It's for these reasons that I believe there to be a lot of room for waking people up with the Working Together that gives all the Divine Breath of Life - and after chatting with anyone for just 10 minutes it's really impossible for anyone to be able to be atheist.

As a result there's a lot of room for churches to be woken up, for congregations to increase by the help that understanding Jesus' teachings de-obfuscated can bring, and for organ music to be appreciated in its ability to reach transcendence and the sublime.

What was the raising of Lazarus?  Not in my view a supernatural miracle but an outside uninitiated view of an initiation derived from the Egyptian heritage. What was the turning of water into wine? Getting people to do the right thing, and providing a way out that didn't disgrace the old miser.
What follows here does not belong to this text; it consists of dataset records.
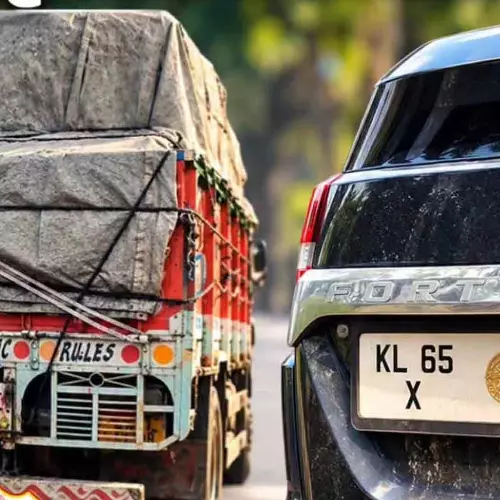 mvd warning about number plate alteration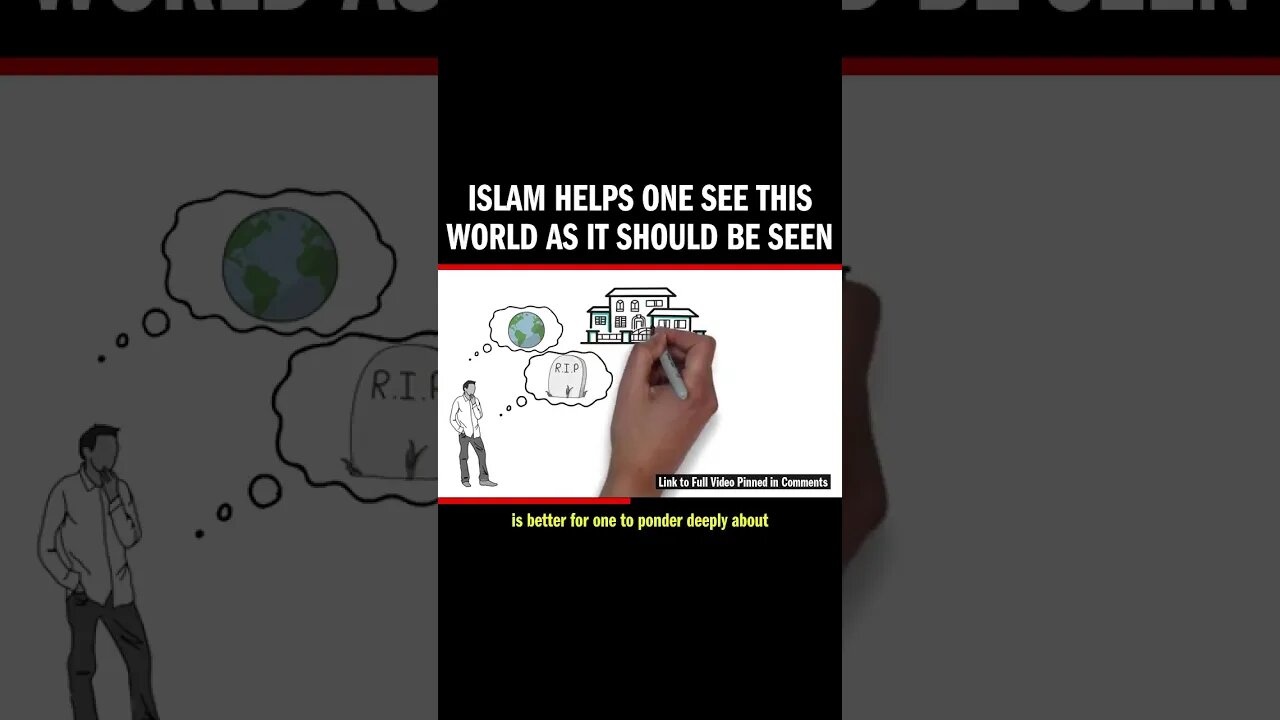 Islam Helps One See This World as It Should Be Seen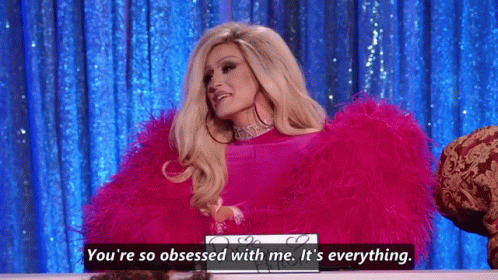 Why Are You So Obsessed With Me Gottmik Drag GIF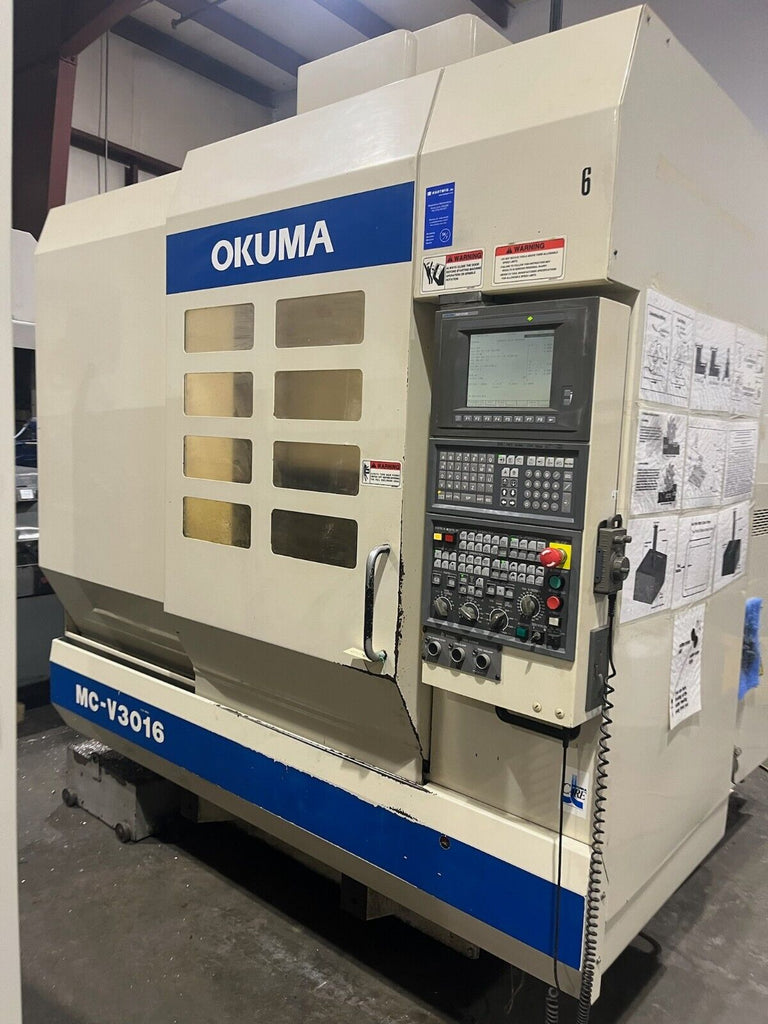 2000 Okuma MC-V3016 Vertical Machining Center / Mill OSP-U10M Control 6738HRS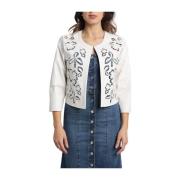 Liu Jo Light Jackets White, Dam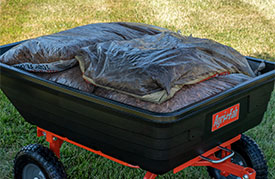 Agri-Fab Four Wheel Garden Cart - 45-0594 | RogueFuel.ca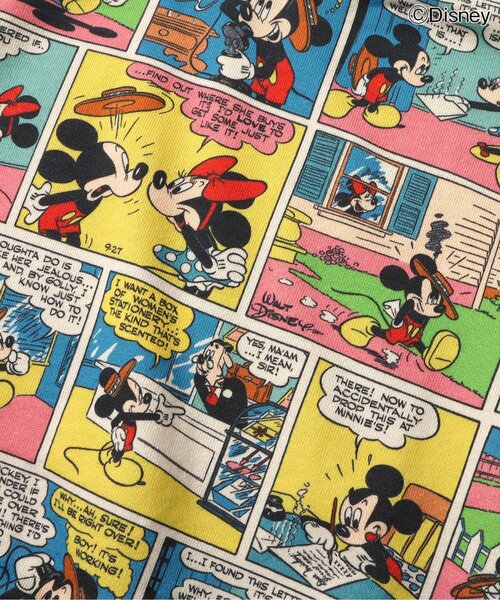 Disney(ディズニー)の「ディズニーキャラクター/コミック柄裏毛パジャマ(ルームウェア/パジャマ・キッズ・レインボー/ブラック・80/90/100/110/120/130)」の12枚目の写真
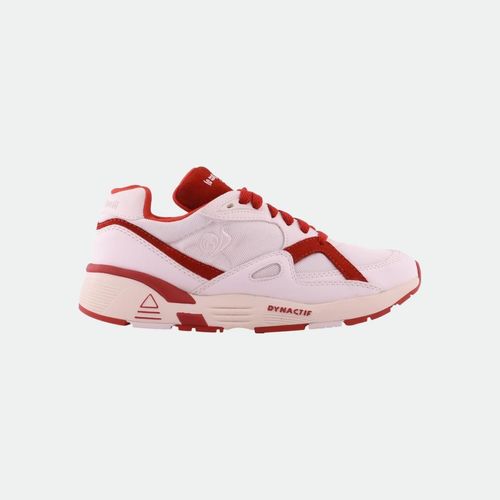 Zapatilla Le Coq Lcs R850 - OPTICAL WHITE FIERY RED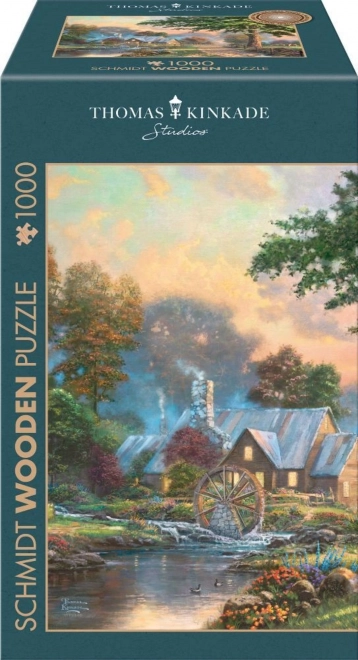 Dřevěné puzzle Schmidt Jednodušší časy II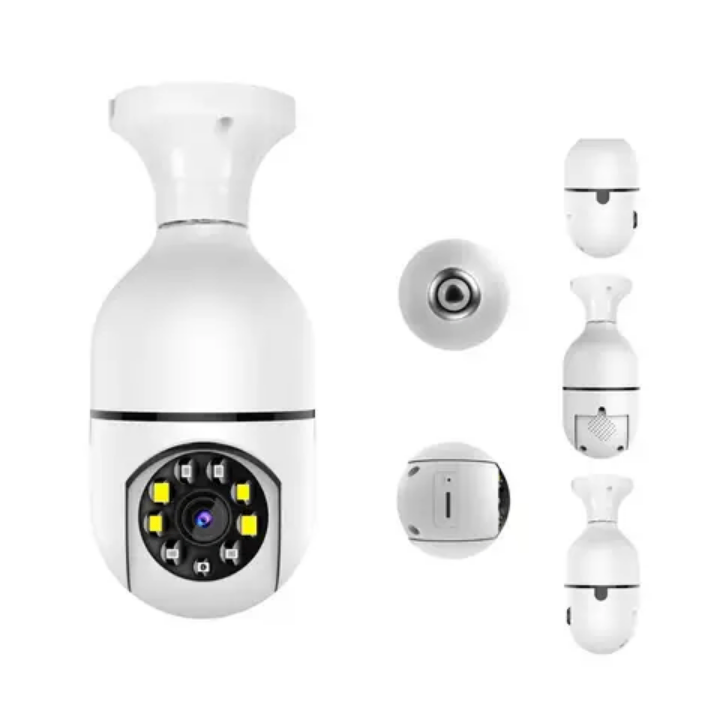Camera ampoule 360,caméra de surveillance,caméra de sécurité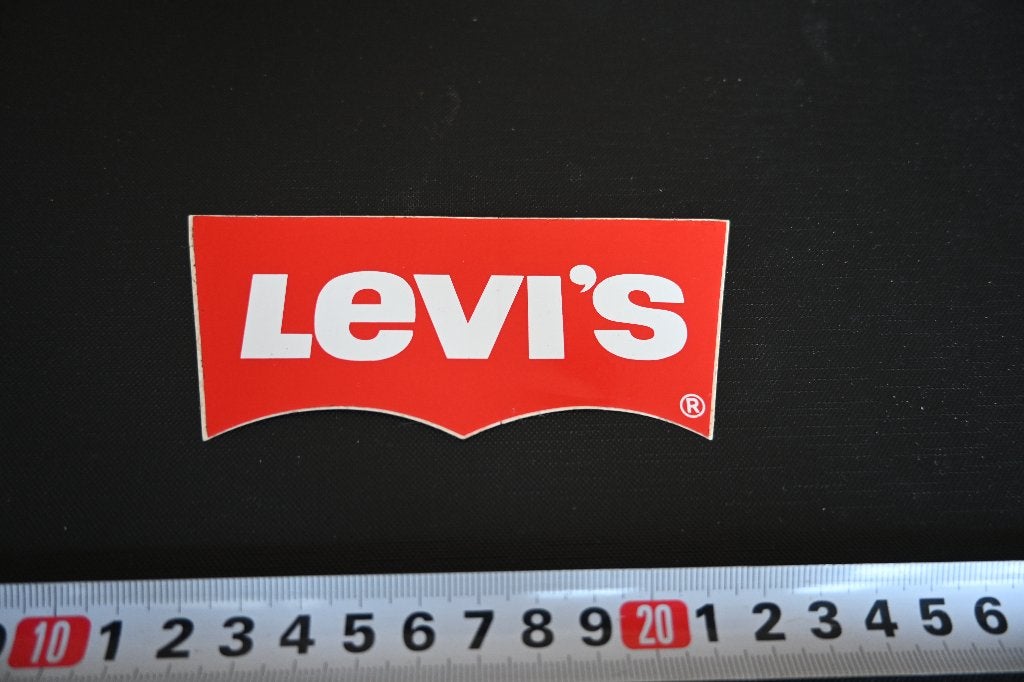sticker LEVI'S  logo, Verzamelen, Ophalen of Verzenden, Zo goed als nieuw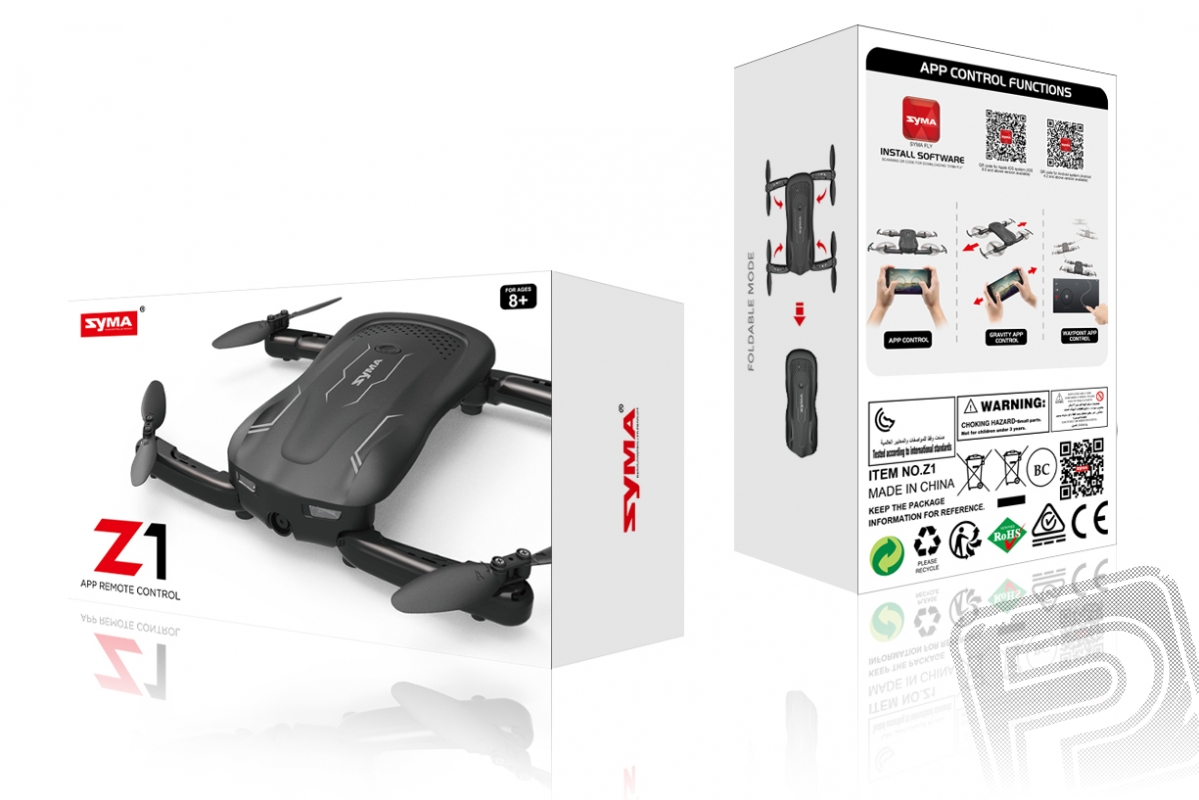 Syma Z1 kvadrokoptéra RTF | pkmodelar.cz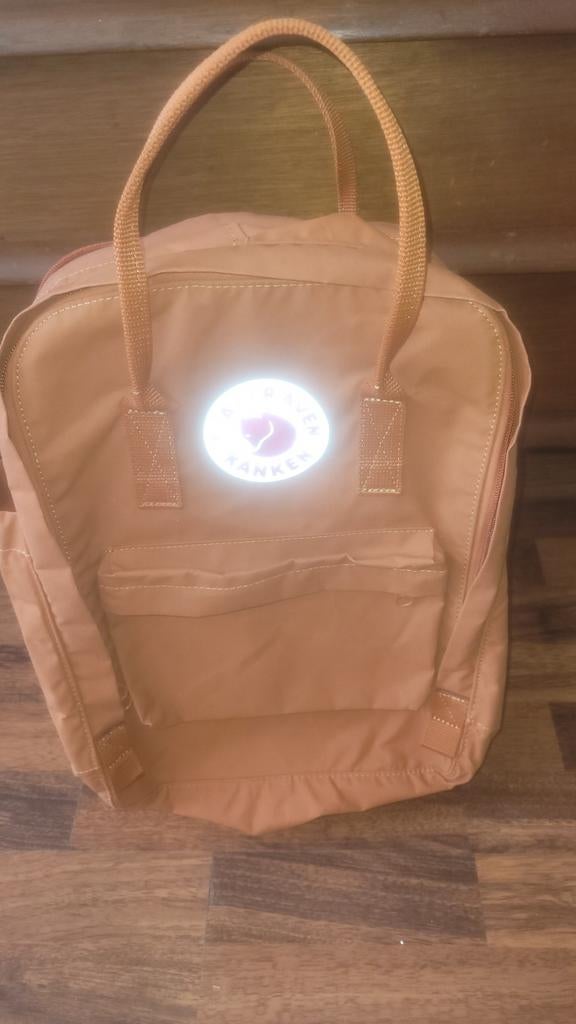 Rugtas z.g.a.n Fjälraven kanken, Ophalen of Verzenden, Zo goed als nieuw, Overige merken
Understanding this turns the water of character into the best of old wine, of course, and one of the traditional pedagogical interpretations of the story. In my view there's room for the churches to break the bounds and find the common sense teacher at their heart.

And with that common sense one can find transcendence.

Tierce en Taille - in meantone the Tierce is the sweetest sound with pure thirds. En Taille - within the body. The music is symbolic of sweetness in the body. 

and achieves transcendence, peace that the world cannot give.

So with focus on such music and with priests who are minded towards the Buddhist perhaps there is hope.

A friend came to lunch today with focus on the sublime in landscape. He asked me whether the sublime could be reached in music. I mentioned Mahler 5 and beyond that, organ repertoire such as the Couperin. But I think that Guilmant, Franck, Widor, Boelleman were reaching towards the sublime too. Can anyone point to any specific examples? 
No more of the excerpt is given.